I didn't dismiss the option of euthanasia altogether, I said that the emphasis should first be on providing better treatment and care for those already suffering.

1. At what point would it be sufficiently "better" for you to countenance assisted dying laws? That sounds like the same ideological stance as the hospice movement use to block euthanasia, and there is no clear end point.

1. What about all the people forced to die inhumane deaths in the meantime while we wait for your moving target to be achieved?

High quality, humane care and support should absolutely be available to all as standard and without a fight or powerful connections being required. But assisted dying should be made available alongside for those who want it.

I would just beg everyone on here to put it in writing and get advice on what to do with the document- mine is on my GP record. Telling a relative is certainly better than nothing but putting a dated, witnessed document of some kind into the records is a lot better.

With respect user1641832968632486258 I said that we need to be careful not to assume that everyone feels the same way; not that no one should have it because some don't want it. There is a world of difference between the two. And I think I explained in my last paragraph that elderly vulnerable patients without families could potentially be subject to those assumptions in a cost-cutting NHS.

I wish I hadn't posted now tbh. I am not posting in total opposition to euthanasia either! I just think we have to be very careful that it doesn't become an easy replacement for good care.

My view is genuine and I am sorry if I have caused offence by expressing it.

There must be an element of liability creeping into the Uk my dad had a medical power of attorney in progress which was in my name. My dad was admitted to hospital while I was in holiday a few hours away . I was called repeatedly by the doctors as he was refusing treatment and wanting me to talk to him etc and wondering how quickly I was going to get there to sort it out. he had wanted to die for years very little quality of life numerous ailments and of sound mind.
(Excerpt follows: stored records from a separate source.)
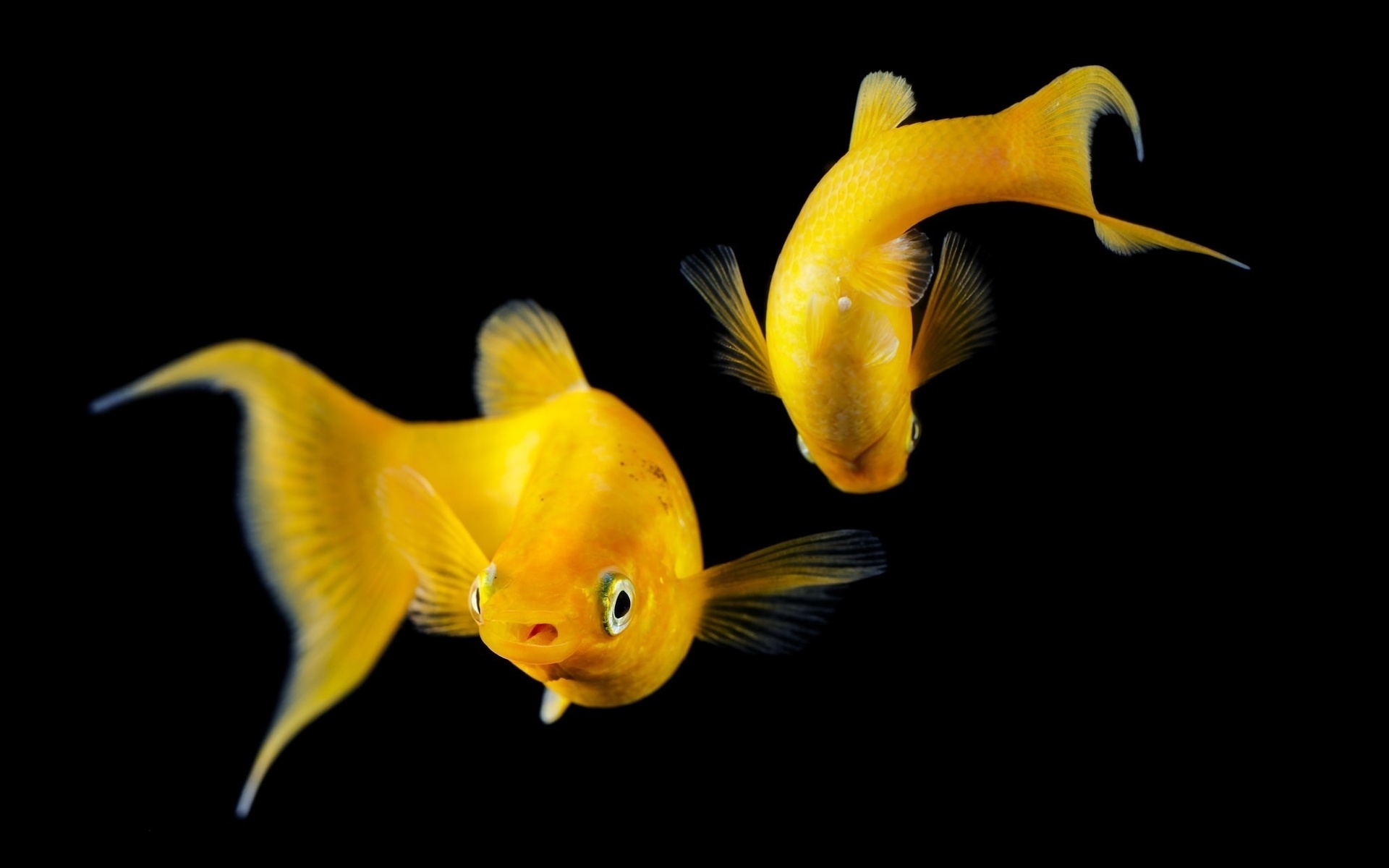 Fish HD Wallpaper
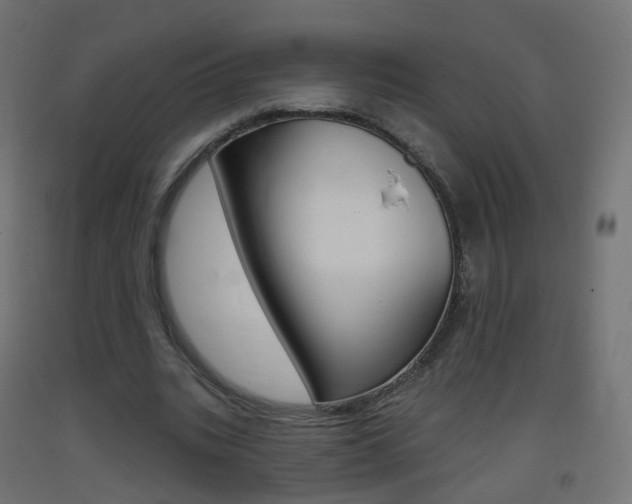 X0000093400535200710120858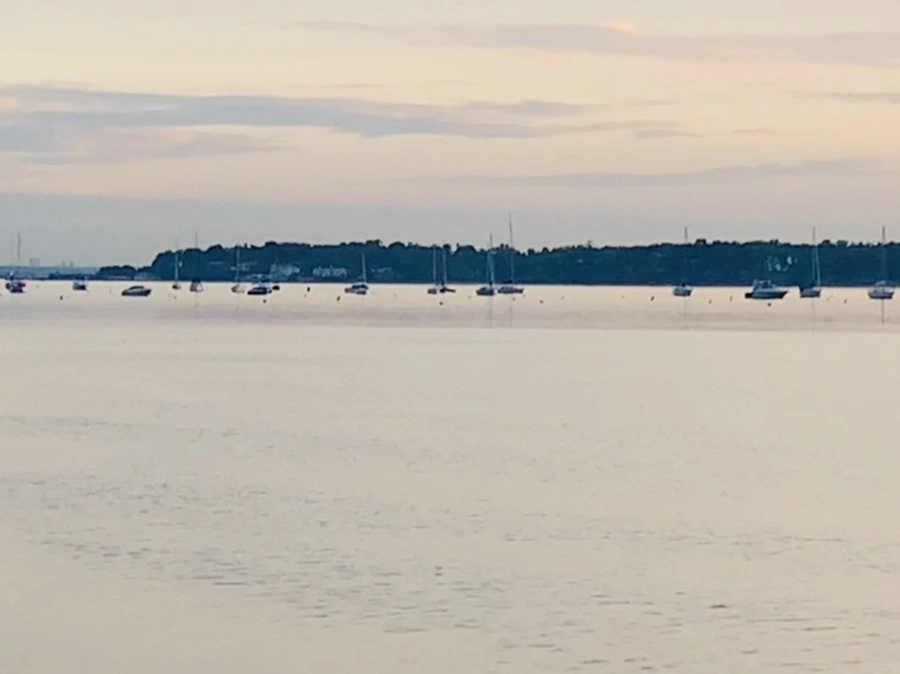 IMG_0955.jpg?type=w966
Yes getting a DNAR sorted is important. Mum has had one for the past two years or so. Each time she has an ambulance attend I get it out and it goes with her to hospital. She also now had a PEACE plan document which means no more hospital for her

Quality of life is subjective but in general I would say what doctors think is an acceptable quality of life isn't good enough for me. My Advanced Directive/living will is pretty brutal.

However, I encounter patients of huge frailty and great age every day who say they want everything done. At that stage there actually may not be much that can be done but they nonetheless continue to exist and although I find it really difficult to keep trying to intervene, it isn't for me to take that decision away from them.

My mother has zero quality of life and I know her previous self would 100 x rather be dead. But to others and particularly to those in healthcare, she is walking around, chatting and building relationships, eating and drinking, enjoying phone calls and visits. I know they don't understand what I mean when I try to say what our views are. Because ultimately it is her doctor's call. She never did a health POA so we have no right to speak for her, and she has no capacity to speak for herself.